Leica MP czyli powrót do przeszłości

Autor: Łukasz Kacperczyk

24 Marzec 2003
Artykuł na: 6-9 minut
Miłośnicy mechanicznych dalmierzowców Leica z bagnetem M odetchnęli z ulgą. Niedługo po ogłoszeniu zaprzestania produkcji modelu M6 TTL firma pokazała nową/starą Leikę MP.

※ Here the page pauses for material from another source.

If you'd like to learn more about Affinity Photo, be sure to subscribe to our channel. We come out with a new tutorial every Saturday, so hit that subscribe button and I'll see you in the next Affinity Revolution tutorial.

Miłośnicy mechanicznych dalmierzowców Leica z bagnetem M odetchnęli z ulgą. Niedługo po ogłoszeniu zaprzestania produkcji modelu M6 TTL firma pokazała nową/starą Leikę MP, która łączy w sobie cechy ostatnich produktów z Solms (np. pomiar światła przez obiektyw) z kosmetyką klasycznego modelu M3.

Kierownictwo firmy wysłuchało próśb użytkowników, którzy narzekali, że późniejsze modele (od M4-2 do wycofanej niedawno Leiki M6 TTL) nie mogą się równać ze swoimi poprzednikami (M3, M2, M4) pod względem solidności wykonania, jakości użytych materiałów i "kultury pracy". Ponoć nowa Leica MP pod tym względem bardziej przypomina np. M3 niż nieco "plastikową" M6 TTL (ale nie przesadzajmy z tą plastikowością - w końcu to Leica M!). Świadczy o tym choćby fakt, że jest składana ręcznie w Solms.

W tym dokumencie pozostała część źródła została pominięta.